* Task brief *
Copy the data exactly from the line that contains "2016 Fendi women" through the line that contains "Item preview, Lemon", keeping both end lines and leaving out everything else.

* Source data *

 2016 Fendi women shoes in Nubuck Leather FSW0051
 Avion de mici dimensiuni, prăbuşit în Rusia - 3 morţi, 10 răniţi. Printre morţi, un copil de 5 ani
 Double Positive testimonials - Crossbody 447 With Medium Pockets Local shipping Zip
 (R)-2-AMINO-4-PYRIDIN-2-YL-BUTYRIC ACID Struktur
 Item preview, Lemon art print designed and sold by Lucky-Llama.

---

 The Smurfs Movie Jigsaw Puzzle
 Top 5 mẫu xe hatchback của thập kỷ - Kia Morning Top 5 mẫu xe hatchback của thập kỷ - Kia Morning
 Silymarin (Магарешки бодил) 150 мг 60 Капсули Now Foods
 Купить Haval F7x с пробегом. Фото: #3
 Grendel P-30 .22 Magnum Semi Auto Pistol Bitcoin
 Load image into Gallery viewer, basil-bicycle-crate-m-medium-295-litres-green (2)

* * *

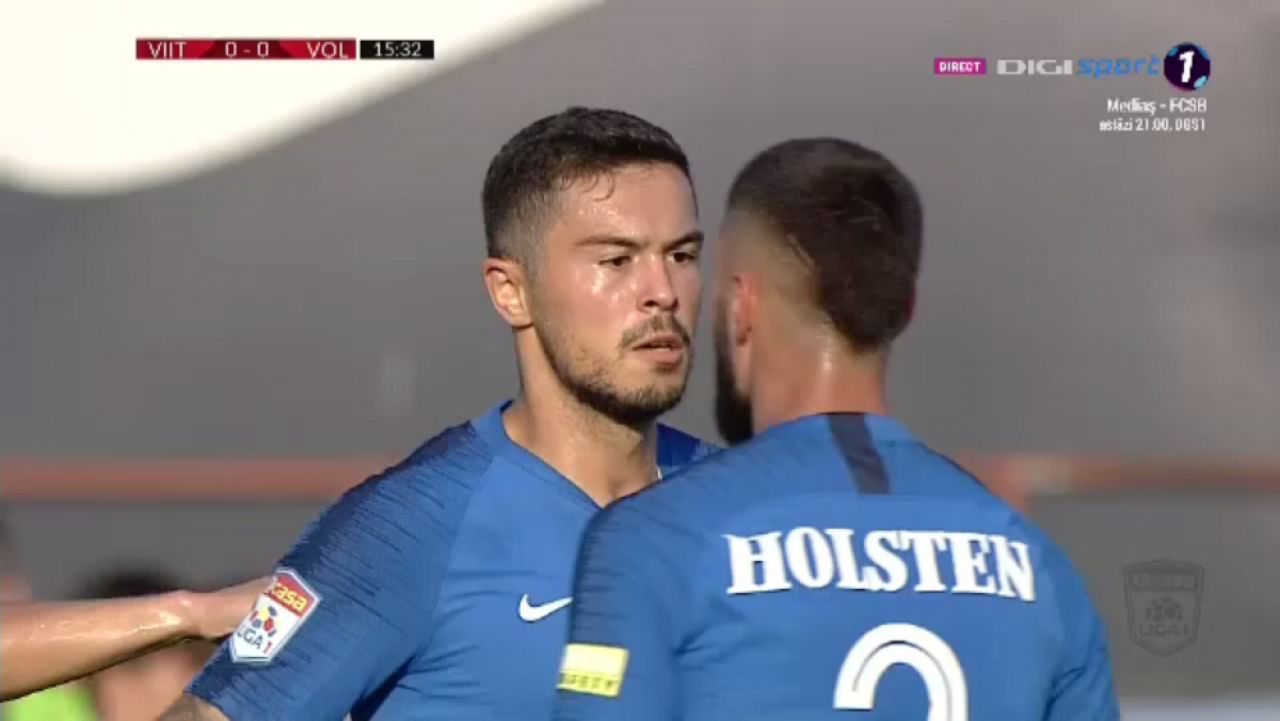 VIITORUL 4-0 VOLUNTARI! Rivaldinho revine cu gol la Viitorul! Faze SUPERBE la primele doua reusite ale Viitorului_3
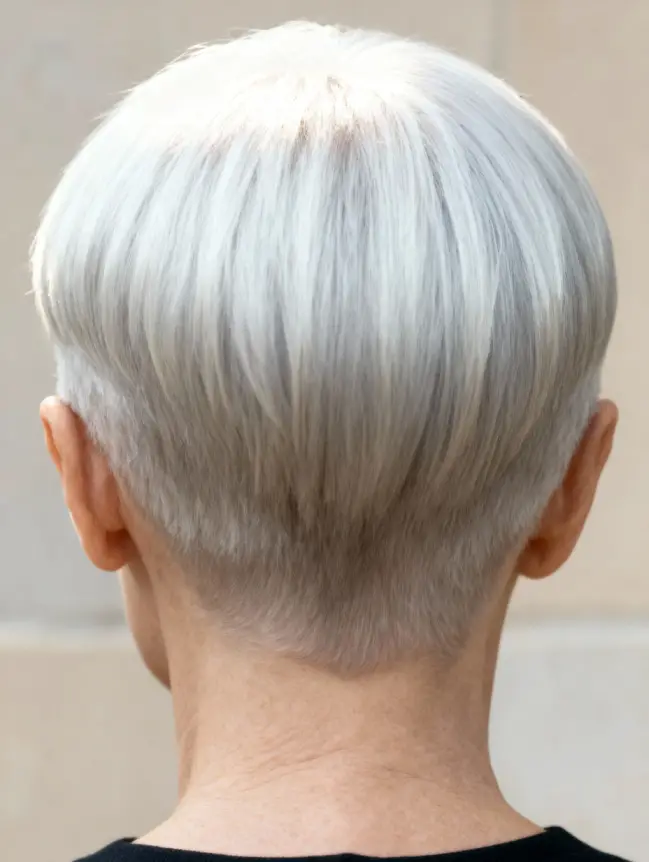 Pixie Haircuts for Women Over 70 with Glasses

* Reply to the task *
 2016 Fendi women shoes in Nubuck Leather FSW0051
 Avion de mici dimensiuni, prăbuşit în Rusia - 3 morţi, 10 răniţi. Printre morţi, un copil de 5 ani
 Double Positive testimonials - Crossbody 447 With Medium Pockets Local shipping Zip
 (R)-2-AMINO-4-PYRIDIN-2-YL-BUTYRIC ACID Struktur
 Item preview, Lemon art print designed and sold by Lucky-Llama.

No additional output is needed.